* Data listing:

● ● ● ● ● ● ●

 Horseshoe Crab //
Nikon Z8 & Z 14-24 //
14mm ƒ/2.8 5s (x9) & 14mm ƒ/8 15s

● ● ● ● ● ● ●

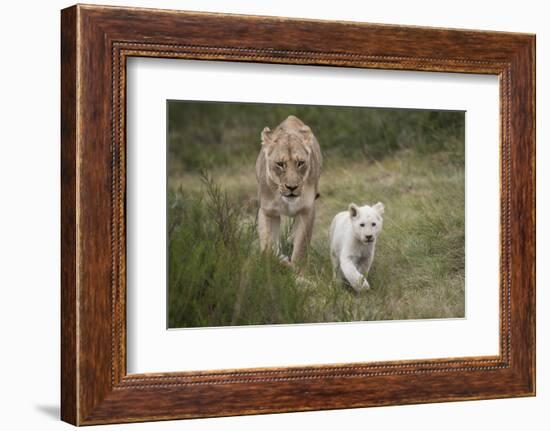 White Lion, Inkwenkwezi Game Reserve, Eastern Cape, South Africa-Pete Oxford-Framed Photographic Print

● ● ● ● ● ● ●

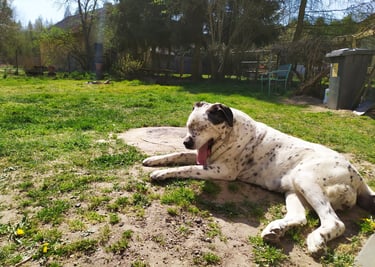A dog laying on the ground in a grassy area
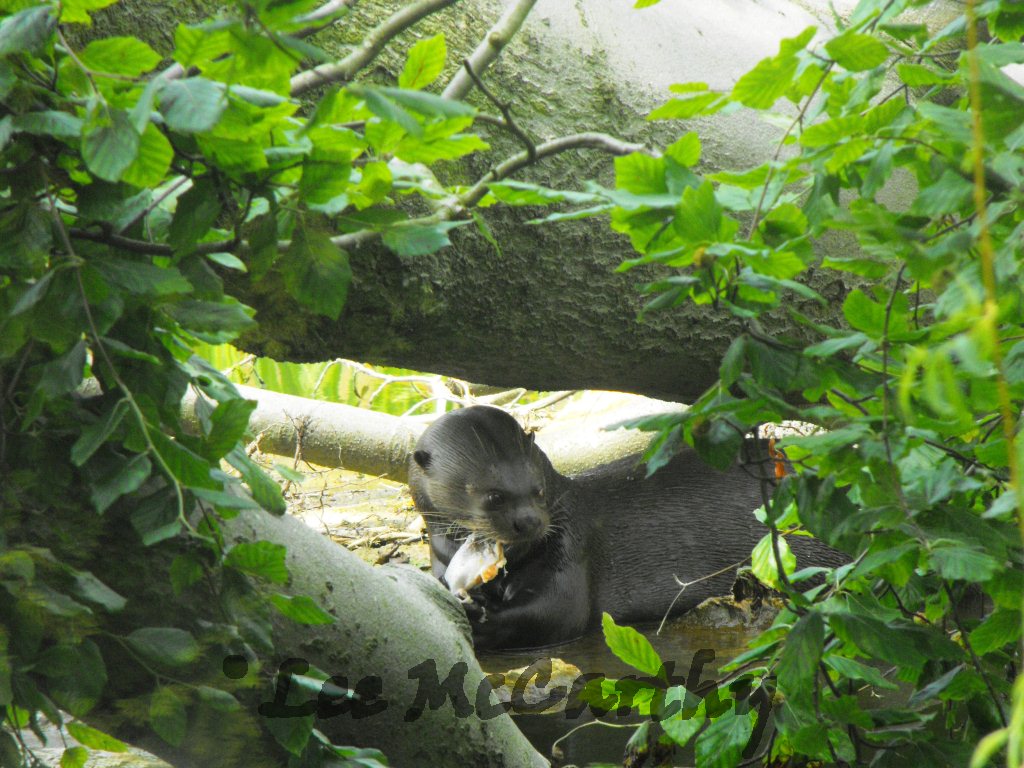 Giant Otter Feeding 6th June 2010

● ● ● ● ● ● ●

* Exercise requirements: An exact copy of the lines above, from the one containing "Horseshoe Crab //" down to the one containing "14mm ƒ/2.8 5s (x9) & 14mm ƒ/8 15s" and including both, is the whole answer; retype it and nothing else.

* Final answer:
 Horseshoe Crab //
Nikon Z8 & Z 14-24 //
14mm ƒ/2.8 5s (x9) & 14mm ƒ/8 15s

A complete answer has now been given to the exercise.